Mein Theater in Berlin - Eindrücke vom Inzenierer Martin Faucher

Wenn ich an Theater denke, wenn ich an spannende und gewagte Inszenierungen denke, Inszenierungen, die gleichzeitig spielerisch und visionär sind; wenn ich an schillernde und wohldurchdachte Bühnenbilder denke, die dem abendländischen Rätsel, in dem ich lebe, Gestalt geben in Form von Dekoration, Kostümen und Licht; wenn ich an Schauspieler denke, die komplett in ihrer Kunst aufgehen, Schauspieler wie Gedanken- und Gefühlsathleten, wortgewandte Schauspieler, die Animalität und Intellekt in einem Köper vereinen, poetische Schauspieler, die ihre Vorstellungskraft komplett im Dienst eines menschlichen Ideals entfalten; wenn ich an ein Repertoire klassischer und zeitgenössischer Stücke denke, umfangreich wie unsere Vergangenheit, Gegenwart und Zukunft, an Werke, die unser Hier und Jetzt erhellen, Stücke, die es schaffen, das soziale, politische und wirtschaftlich-kultivierte Chaos zum Ausdruck zu bringen; wenn ich an die Tausendundeine Facette denke, aus der das Theater besteht, ist es selbstverständlich die Stadt Berlin, der ich mich zuwende.
Berlin, Stadt der aufregendsten Theater. Berlin, Stadt der inspirierendsten Theater.
Seit nun mehr als zehn Jahren besuche ich Berliner Theater: die Schaubühne, Volksbühne, Deutsches Theater, Maxim Gorki Theater, Berliner Ensemble, Sophiensäle, HAU, Radial System, Ballhaus Ost und viele andere Theater oder Veranstaltungsorte. Jedes Mal wenn ich nach Berlin fahre, weiß ich, dass Abend für Abend das wahre Theaterabenteuer auf mich wartet. Ein wahres Abenteuer nenne ich all das, was meine Aufmerksamkeit einlädt, sich auf etwas zu richten, was ich bis jetzt noch nie gesehen habe, oder gar einer Realität ins Auge zu blicken, die ich gänzlich anders erwartet hatte.
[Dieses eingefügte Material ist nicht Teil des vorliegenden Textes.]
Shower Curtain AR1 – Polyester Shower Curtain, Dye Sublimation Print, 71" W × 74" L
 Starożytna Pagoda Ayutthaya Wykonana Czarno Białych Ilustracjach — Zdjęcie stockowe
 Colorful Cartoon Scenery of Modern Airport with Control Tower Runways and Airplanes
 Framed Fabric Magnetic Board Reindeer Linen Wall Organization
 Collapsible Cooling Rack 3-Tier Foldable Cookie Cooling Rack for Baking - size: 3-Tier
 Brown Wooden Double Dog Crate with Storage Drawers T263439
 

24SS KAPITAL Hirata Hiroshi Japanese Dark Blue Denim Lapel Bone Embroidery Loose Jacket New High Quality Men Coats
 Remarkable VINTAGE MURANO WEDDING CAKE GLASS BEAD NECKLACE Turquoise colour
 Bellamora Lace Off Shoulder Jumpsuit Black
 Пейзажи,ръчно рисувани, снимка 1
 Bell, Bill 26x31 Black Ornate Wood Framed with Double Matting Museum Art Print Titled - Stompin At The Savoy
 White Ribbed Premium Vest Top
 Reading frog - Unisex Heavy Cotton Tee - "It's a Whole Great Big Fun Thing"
In dieser vielseitigen Stadt, alt und übel zugerichtet durch allzu Bekanntgewordenes, aber erstaunlicherweise vor Jugend und Vitalität strotzend, in dieser Stadt, durchzogen von den großen sozialen, politischen und wirtschaftlichen Bewegungen, ist nichts gewöhnlich geschweige denn unschuldig, jeder Stein ist Zeuge einer Geschichte, eines Dramas, einer Tragödie. Das Berliner Theater versteht es, intime und auch öffentliche Geschichten ohne jeden Funken Narzissmus oder Selbstmitleid zu erzählen. Das Berliner Theater schreibt seine sehr persönliche Geschichte in der großen Geschichte der Menschheit und stellt sich dem Dialog mit der Vergangenheit, der Gegenwart und der Zukunft.

Ich befinde mich nicht auf fremdem Boden, wenn ich in einem Berliner Theater bin. Die Geschichten, die dort erzählt werden, sind kurioserweise auch meine Geschichte. Die Musik, Bilder und Materialien, die Thomas Ostermeier, Frank Castorf, Christoph Marthaler, Armin Petras, Michael Thalheimer, Andreas Kriegenburg, Nicolas Steeman, René Pollesch, Jürgen Gosch, Barbara Frey und andere Verrückte der Theaterregie nutzen, um ihre Geschichten zu erzählen, bewirken, dass ich mich dort in der ein oder anderen Art und Weise wiedererkenne.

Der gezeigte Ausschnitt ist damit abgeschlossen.